GCC businesses would receive an immediate boost in profit if a GCC-wide visa system were adopted, or at least could enjoy longer lunch breaks, says CMME’s International Editor Stian Overdahl
Travelling between Europe and the GCC, and there are some cultural differences that make themselves felt within the business world. Despite economic conditions, the longer lunch (as long as two hours) has not disappeared from Europe, where there is an obviously more-relaxed pace to the business day.
Travelling with Europe’s Schengen Area for a business trip is also an enlightening experience, with no visa controls, and consequently the amount of queuing is significantly reduced.

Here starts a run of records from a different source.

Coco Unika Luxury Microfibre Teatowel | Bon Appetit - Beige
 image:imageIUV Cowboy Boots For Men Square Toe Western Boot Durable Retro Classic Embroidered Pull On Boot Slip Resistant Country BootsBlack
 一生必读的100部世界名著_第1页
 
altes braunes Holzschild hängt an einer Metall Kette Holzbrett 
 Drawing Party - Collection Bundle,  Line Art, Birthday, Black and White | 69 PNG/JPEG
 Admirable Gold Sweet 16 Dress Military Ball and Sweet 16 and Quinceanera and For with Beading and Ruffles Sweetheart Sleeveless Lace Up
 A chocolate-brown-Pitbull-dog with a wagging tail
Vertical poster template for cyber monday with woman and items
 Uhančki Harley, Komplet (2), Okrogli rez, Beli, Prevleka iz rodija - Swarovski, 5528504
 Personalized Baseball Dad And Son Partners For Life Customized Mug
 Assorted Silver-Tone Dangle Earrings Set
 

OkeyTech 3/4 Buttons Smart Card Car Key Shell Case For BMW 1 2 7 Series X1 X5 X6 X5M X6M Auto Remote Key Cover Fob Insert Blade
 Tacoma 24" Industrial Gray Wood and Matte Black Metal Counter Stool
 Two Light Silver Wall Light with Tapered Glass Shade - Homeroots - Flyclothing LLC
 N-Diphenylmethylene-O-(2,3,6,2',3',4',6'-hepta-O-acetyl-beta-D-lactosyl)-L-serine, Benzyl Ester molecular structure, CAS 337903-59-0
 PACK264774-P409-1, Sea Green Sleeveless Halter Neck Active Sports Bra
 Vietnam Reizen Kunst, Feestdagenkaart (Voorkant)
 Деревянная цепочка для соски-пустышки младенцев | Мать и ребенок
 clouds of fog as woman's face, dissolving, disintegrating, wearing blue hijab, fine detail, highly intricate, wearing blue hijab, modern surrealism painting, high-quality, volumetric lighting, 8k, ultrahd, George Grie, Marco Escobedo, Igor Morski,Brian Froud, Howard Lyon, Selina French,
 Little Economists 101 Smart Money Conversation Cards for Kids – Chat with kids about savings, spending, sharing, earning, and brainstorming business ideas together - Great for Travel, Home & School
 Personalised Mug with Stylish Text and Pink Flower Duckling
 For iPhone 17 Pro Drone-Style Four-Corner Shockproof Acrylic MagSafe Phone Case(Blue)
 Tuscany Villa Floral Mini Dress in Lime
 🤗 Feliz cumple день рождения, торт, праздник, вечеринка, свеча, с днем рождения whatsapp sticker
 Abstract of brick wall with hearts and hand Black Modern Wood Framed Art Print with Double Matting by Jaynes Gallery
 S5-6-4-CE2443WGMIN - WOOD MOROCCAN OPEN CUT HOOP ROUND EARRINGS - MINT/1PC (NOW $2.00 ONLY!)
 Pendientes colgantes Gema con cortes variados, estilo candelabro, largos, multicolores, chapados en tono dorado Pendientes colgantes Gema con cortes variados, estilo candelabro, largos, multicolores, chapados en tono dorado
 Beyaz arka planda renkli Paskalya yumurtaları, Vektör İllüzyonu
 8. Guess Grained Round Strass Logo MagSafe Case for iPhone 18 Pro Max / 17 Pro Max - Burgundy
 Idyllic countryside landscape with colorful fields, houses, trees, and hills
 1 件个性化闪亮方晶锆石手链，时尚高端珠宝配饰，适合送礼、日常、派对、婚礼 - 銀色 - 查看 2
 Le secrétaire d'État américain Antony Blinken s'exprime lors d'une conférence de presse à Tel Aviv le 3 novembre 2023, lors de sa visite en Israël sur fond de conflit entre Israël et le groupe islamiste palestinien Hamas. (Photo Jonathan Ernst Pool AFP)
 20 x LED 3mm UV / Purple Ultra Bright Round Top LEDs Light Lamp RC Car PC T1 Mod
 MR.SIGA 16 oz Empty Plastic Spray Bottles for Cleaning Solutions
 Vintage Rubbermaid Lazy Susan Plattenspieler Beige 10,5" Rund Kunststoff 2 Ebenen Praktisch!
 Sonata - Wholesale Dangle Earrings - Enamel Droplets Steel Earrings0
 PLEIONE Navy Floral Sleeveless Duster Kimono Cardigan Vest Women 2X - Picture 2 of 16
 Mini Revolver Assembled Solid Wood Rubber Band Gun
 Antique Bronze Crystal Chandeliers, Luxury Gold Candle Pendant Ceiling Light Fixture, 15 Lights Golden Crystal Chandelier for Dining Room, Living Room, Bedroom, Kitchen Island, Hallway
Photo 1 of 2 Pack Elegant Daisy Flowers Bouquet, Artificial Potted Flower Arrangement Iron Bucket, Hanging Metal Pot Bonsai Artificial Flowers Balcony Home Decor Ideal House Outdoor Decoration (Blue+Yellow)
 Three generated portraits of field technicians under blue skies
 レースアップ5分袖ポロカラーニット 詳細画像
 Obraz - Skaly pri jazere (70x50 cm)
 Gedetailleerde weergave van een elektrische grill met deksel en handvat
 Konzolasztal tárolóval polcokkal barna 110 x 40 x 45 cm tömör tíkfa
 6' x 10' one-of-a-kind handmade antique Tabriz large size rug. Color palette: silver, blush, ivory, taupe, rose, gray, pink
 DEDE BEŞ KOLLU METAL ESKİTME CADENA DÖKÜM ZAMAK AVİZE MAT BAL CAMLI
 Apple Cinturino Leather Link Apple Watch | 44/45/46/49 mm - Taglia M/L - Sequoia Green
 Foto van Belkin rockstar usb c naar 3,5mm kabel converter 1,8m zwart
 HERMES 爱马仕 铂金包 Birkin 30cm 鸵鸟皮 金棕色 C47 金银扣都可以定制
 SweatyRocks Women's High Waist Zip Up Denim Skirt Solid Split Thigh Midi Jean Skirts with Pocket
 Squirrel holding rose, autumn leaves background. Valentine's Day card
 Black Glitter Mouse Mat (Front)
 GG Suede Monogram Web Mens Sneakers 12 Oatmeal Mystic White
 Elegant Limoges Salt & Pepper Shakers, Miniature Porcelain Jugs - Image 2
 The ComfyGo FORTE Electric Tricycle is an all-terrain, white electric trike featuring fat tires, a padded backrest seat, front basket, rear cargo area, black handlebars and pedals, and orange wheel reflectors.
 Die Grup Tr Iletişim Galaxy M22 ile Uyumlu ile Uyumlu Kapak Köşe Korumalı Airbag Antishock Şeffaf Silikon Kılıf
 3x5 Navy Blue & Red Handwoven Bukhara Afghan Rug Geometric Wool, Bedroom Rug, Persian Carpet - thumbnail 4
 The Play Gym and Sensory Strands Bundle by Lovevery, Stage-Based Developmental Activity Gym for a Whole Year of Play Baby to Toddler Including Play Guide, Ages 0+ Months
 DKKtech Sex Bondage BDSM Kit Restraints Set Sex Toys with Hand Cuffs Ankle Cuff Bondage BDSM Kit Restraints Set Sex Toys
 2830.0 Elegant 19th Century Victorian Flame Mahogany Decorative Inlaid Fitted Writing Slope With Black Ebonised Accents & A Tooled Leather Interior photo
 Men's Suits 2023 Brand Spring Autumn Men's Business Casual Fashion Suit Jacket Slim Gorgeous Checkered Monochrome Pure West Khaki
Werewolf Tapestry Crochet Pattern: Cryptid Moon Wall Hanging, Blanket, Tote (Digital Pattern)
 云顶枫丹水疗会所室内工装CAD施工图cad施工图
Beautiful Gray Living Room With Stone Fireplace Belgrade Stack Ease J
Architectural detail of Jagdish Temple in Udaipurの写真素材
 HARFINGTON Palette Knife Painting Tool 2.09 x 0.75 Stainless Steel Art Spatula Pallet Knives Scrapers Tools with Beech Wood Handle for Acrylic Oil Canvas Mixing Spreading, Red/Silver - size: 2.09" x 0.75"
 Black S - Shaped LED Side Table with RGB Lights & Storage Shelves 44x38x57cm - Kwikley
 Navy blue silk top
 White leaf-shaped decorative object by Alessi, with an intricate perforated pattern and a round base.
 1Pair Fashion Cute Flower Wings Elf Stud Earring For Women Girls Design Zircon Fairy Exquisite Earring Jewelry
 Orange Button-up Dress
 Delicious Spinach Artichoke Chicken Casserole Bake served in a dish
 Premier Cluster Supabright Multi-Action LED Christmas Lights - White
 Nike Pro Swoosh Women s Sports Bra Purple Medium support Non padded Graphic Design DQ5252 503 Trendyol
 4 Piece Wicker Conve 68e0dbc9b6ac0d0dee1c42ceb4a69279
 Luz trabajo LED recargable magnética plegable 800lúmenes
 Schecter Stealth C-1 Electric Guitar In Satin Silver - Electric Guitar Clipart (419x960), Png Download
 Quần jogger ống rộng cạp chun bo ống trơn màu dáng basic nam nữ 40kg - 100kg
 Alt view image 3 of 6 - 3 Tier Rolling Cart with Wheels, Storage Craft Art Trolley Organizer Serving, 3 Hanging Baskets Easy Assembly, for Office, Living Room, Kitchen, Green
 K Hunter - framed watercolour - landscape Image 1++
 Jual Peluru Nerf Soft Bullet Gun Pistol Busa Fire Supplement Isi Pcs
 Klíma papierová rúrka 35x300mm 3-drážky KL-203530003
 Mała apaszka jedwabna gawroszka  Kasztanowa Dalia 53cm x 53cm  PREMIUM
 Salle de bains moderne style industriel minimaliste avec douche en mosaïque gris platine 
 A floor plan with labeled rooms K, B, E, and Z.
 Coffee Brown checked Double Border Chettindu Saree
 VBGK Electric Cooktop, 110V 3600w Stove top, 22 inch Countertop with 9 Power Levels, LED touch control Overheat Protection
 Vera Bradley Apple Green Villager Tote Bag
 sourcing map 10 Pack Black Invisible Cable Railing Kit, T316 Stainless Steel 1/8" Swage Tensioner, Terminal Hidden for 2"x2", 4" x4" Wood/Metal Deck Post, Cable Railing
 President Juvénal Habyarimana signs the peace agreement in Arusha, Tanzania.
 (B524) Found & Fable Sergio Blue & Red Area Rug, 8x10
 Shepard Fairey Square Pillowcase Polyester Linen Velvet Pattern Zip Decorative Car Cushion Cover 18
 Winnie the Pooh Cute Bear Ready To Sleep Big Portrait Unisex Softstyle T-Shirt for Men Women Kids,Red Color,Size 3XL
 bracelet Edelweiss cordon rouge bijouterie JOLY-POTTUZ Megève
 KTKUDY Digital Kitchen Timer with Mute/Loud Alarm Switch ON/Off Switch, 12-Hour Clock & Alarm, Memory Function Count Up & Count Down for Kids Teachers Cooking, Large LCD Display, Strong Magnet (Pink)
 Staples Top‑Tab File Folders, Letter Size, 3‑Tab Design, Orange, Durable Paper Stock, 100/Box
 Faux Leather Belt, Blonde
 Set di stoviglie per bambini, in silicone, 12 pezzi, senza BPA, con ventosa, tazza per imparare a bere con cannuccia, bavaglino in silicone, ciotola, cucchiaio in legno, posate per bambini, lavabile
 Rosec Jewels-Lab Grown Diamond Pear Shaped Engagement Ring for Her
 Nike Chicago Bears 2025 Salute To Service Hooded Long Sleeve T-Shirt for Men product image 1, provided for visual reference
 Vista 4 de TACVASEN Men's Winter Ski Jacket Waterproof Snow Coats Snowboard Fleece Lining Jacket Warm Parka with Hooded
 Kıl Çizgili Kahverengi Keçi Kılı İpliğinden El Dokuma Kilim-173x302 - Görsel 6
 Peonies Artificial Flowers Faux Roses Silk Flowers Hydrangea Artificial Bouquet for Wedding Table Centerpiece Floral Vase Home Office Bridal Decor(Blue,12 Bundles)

Meanwhile when travelling in the GCC countries it is apparent there are contradictions in the region – certain features that are technologically advanced, and cutting edge by international standards, and brand new infrastructure, which exists alongside habits that belong to a low-wage, labour-surplus economy.
In Europe it seems that the high cost of labour has meant that the low-hanging fruit in terms of efficiency have already been plucked, while in the Middle East there’s plenty of ways that efficiency region-wide could be improved.
Air travel is a key asset to business in the GCC, with many companies operating across several, if not all, of the six nations, and others in the region. Managers sometimes fly into a city for a single day of meetings and progress inspections.
The money that is being invested in new airports – whether Doha, Jeddah or Dubai – is improving the experience for business travellers, likewise with stream-lining services like e-gate cards.
But the quantum leap will come when GCC-wide visas are adopted. Consider the amount of time that would be saved in the average businessman’s week if there was no need to queue for visas when travelling between GCC countries, not to mention the improvement in their mental health.
It’s no secret that the time spent waiting in visa queues across the GCC varies, depending on the airport, but equally the time of day and the number of flights arriving. It’s this uncertainty which is another problem for the business community – when planning to fly into a city for a 10am meeting, this means either booking an extra-early flight (setting the alarm clock for the dreaded 5.30am), or leaving it to chance that the queue won’t be exceptionally long, or slow-moving.
The good news is that efforts are underway to introduce GCC visas, with a single visa for tourists to the GCC likely to be introduced mid-way through next year. This will allow a single entry visa for all six countries – including Saudi Arabia – valid for one month, and a multi-entry visa valid for a full year.
In order to roll out the system, an incredible amount of work is going on behind the scenes, with governments having to communicate to one another on important issues such as security and share databases on restricted persons.
From the business community’s point of view, operating on a type of single-GCC visa can’t come soon enough. It stands to reason that, given the closeness of the GCC countries and their aims, that a person who is given residence in one country should be able to travel to another of the GCC nations.
Nevertheless there are obviously systems that have to be put in place to prevent unscrupulous individuals taking advantage of freedoms – this would include a GCC-wide database of debtors, so that individuals don’t try to flee unpaid debts across second-country borders.
Nevertheless, creation of single-GCC visas would improve the efficiency of businesses and increase profits through less wasted man-hours, especially as skill and remuneration rates in the region increase, and would improve the overall experience of conducting business.
And it would mean that businessmen in the GCC can enjou shorter queues, and therefore longer lunches (or at least shorter working days!).